The truck interior was so quiet she could hear her shallow inhales and the sounds of a spring night, crickets, kids playing. His fingers drifted along her collarbone, sending sparks skittering along her nerves. She was surprised her skin didn’t light up, especially when he lifted his hand to brush his thumb across her lips, then her cheekbone. But while she wasn’t the frightened virgin he’d arrested, Ian still made her pulse leap, her senses go on high alert.

He noticed. Of course he noticed. “You okay?” he asked.

“Yes. Just…”

Her phone dinged with an incoming text. Grant home early = unusual = family night. Raincheck?

She sighed. The last thing she wanted to do was go home again, but maybe it was for the best. She could go upstairs and sit with her mom, ask questions, figure out what was going on.

Ian put his hand back on his thigh. “What’s up?”
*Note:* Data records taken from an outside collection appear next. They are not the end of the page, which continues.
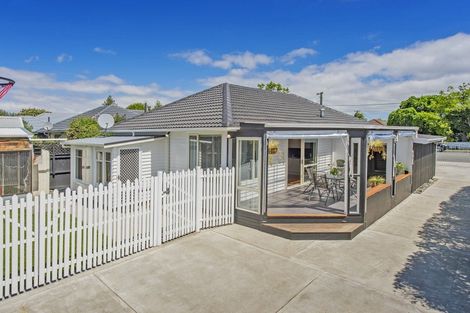 Photo of property in 46 Croziers Road, St Albans, Christchurch, 8052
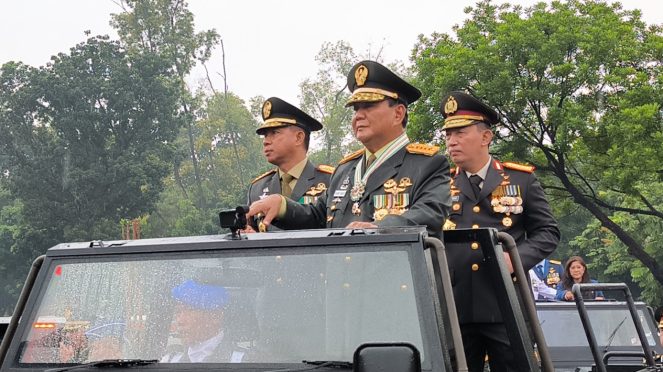 Menhan Prabowo Subianto didampingi Panglima TNI Jenderal TNI Agus Subiyanto dan Kapolri Jenderal Listyo Sigit Prabowo mengecek alutsista bersama dengan menaiki rantis di Mabes TNI Cilangkap, Jakarta Timur, Rabu, 28 Februari 2024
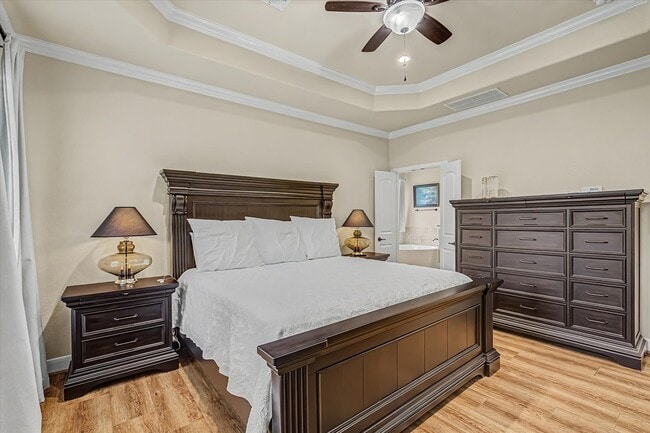 Photo - 102 N Victoriana Cir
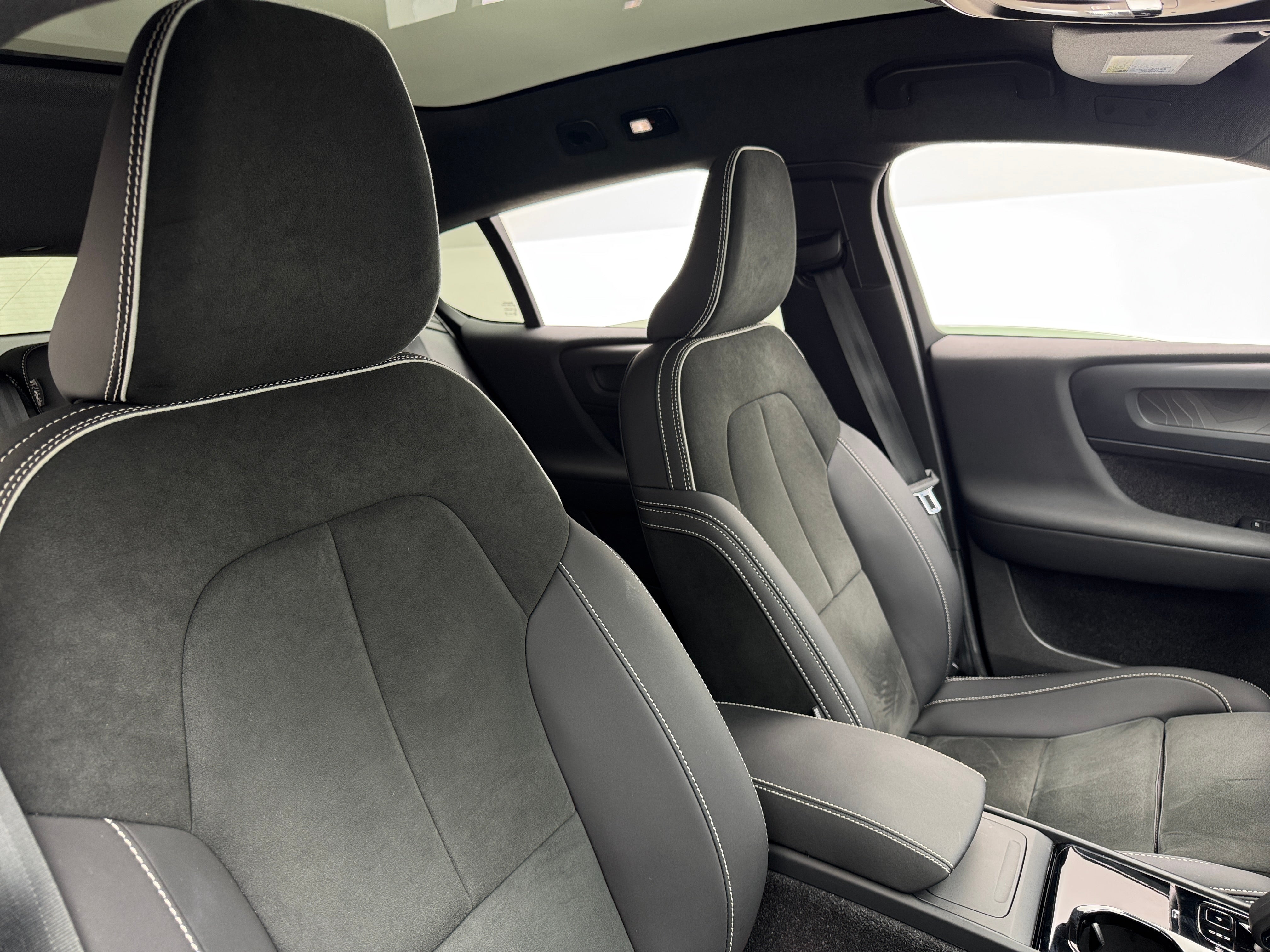 2023 Volvo C40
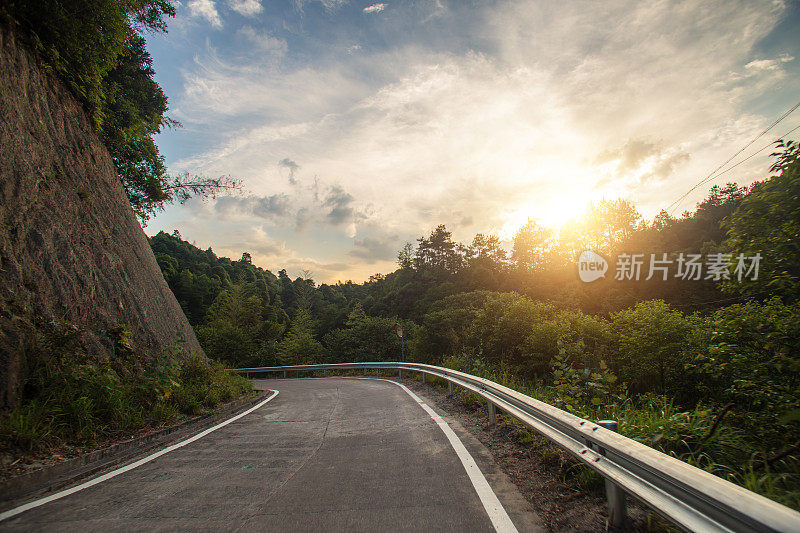 乡村高速公路动态模糊拍摄与汽车钻机接近黄昏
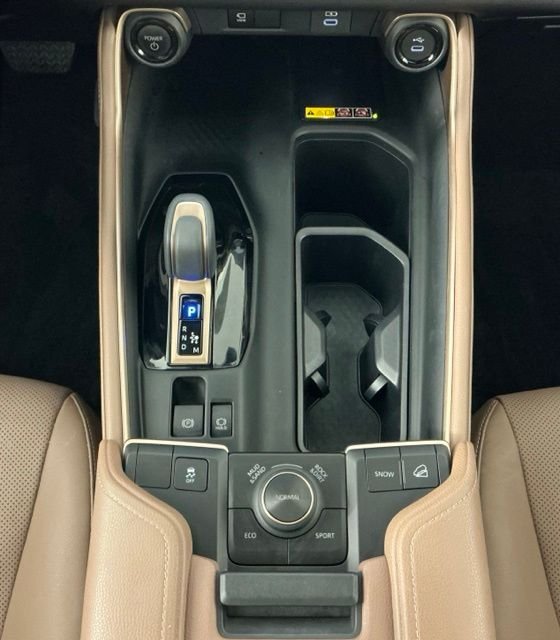 Used 2026 Silver Toyota MAX Platinum image 23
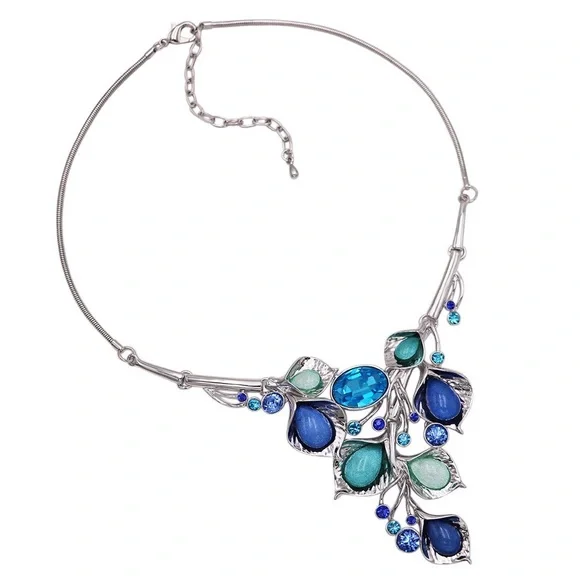 NWOT 2pc Rosemarie Collection Blue Crystal Floral Leaf & Necklace & Earring Set - Picture 3 of 3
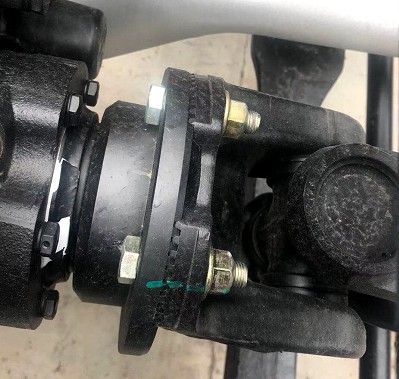 東風(fēng)天錦小三軸灑水車傳動軸圖片 東風(fēng)天錦小三軸灑水車傳動軸圖片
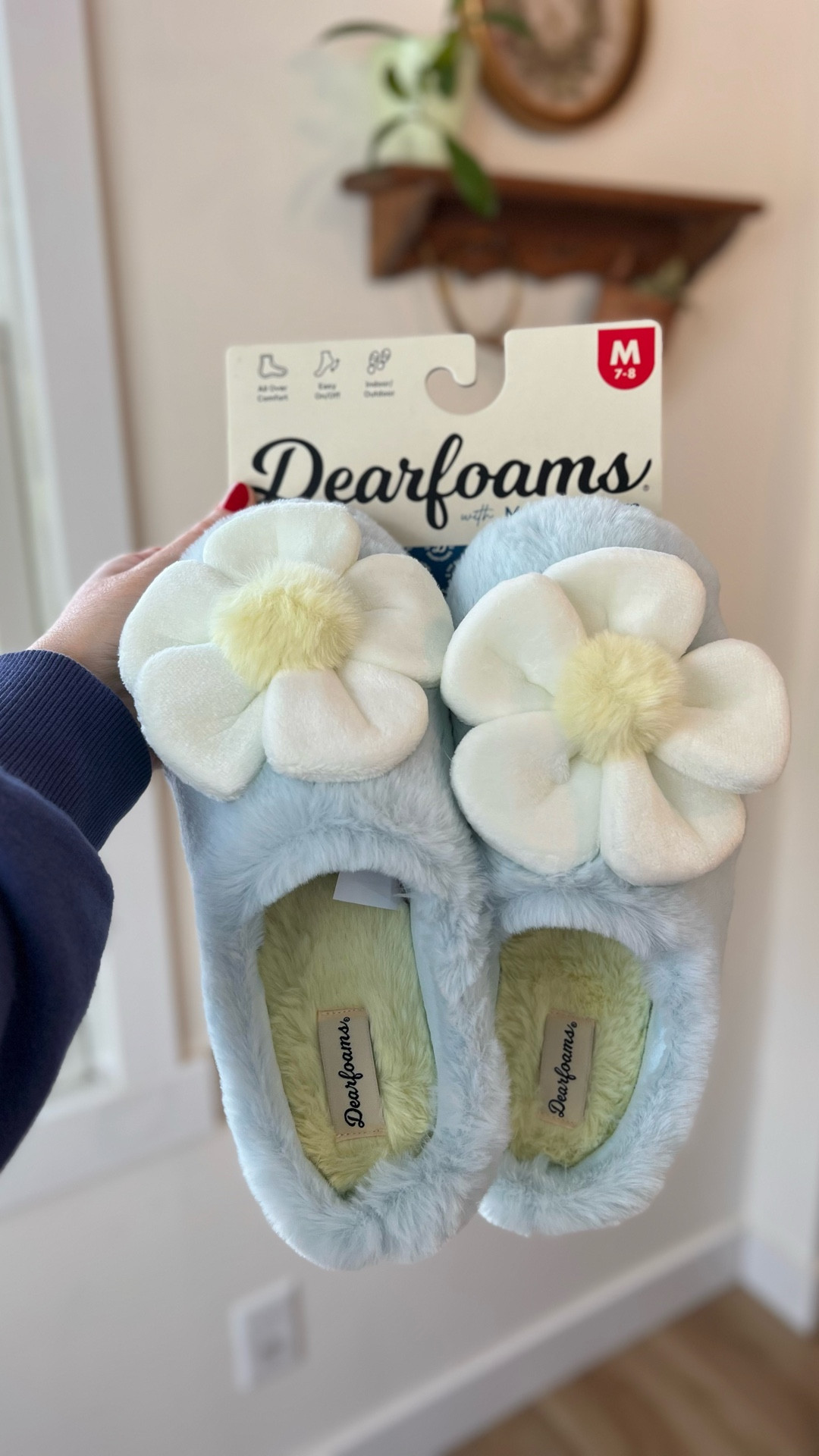 how cute are these slippers?!? 🌼 I wanted something to wear well into the new year to bring some joy and brightness after the holidays are over, it always feels so bleak! I always opt for dearfoams, they seem to last so much longer than other brands. 

Slippers, Winter Slippers, Daisy Slippers, Flower Slippers, Women’s Slippers, Christmas Gift Ideas, Cozy Gifts 

#LTKmorningroutine #LTKmomlife #LTKGiftGuide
“Kelly wants to postpone. Her husband works all the time, but he’s home early tonight, and they want to spend time together as a family.”

No problem! she texted back, using exaggerated punctuation to hide her disappointment. “It’s not surprising. I basically dropped all my high school friends when I quit college. We reconnected on social media a few months ago—”

Three dots appeared almost immediately. Let’s go out. Not lunch. Lunch is boring. Drinks and dancing sound good?

That sounded fantastic to her. “How do you feel about nightclubs?” she asked with a smile.

“Fine,” Ian said. No hesitation.

“Seriously?”

“Very seriously.”

“You dance. You don’t just hold up a wall and watch.”

“I dance.”

Sounds great. Let me know what night works! I’m bringing a friend.

“Where are you going?” Ian asked when she started the truck.

“Home,” she replied.

Ian looked around. “Does your father work from home or does he have an office?”

“He’s got an office at the warehouse, but he’s usually in a truck, visiting current customers or trying to drum up new ones. That’s why his laptop is always with him.”

“A personal vehicle? Or a business one?”

“Depends. Probably his truck, unless he’s running a route. He’s the vacation coverage for his guys. It keeps his hand in the business. I think he works from home, too.”

“Let’s cruise by the warehouse, get the lay of the land. What about this club he was talking about?”

“The boxing club? It’s not far from the warehouse, actually, in the West Loop area. Dad bought space there maybe twenty years ago. It’s an easy commute and close to the interstate, which makes it easy to get to different stops.”

She merged into traffic. Ian watched out the windows, holding on to the handle above the door. She had no trouble imagining him in the same pose in a patrol car.

“What are you doing?”

“Memorizing the intersections.” He looked at her. “Habit. You always know where you are in case you have to call for backup. You’d be amazed how many calls we get where people can’t give us an address, much less cross streets. Does Kelly know?”

“No,” she said, surprised. “You said I couldn’t tell anyone.”

“While you were a CI up to the trial. After that, you could tell anyone you wanted.”

“Would you want to tell anyone?” She tried to soften the edge to her words, but failed. “Would you want anyone to know that kind of thing about you? That’s part of the reason I left my old friends behind. I was different, and I couldn’t tell them why.”

A shadow crossed his face, like he knew all about keeping things close to his chest. “Does anyone know?”

“You. Me. Sorenson. Whoever else in the LPD. The ADA. That’s it.”

“No one at the ESCC knows.”

“No one,” she said quietly.

“How did you explain dropping out of college?”

She shrugged. “It wasn’t for me. Rolling Hill Farm and Oasis fit me much better. Ultimately I want a national reputation as a leader in the farm-to-table movement. We’re here.”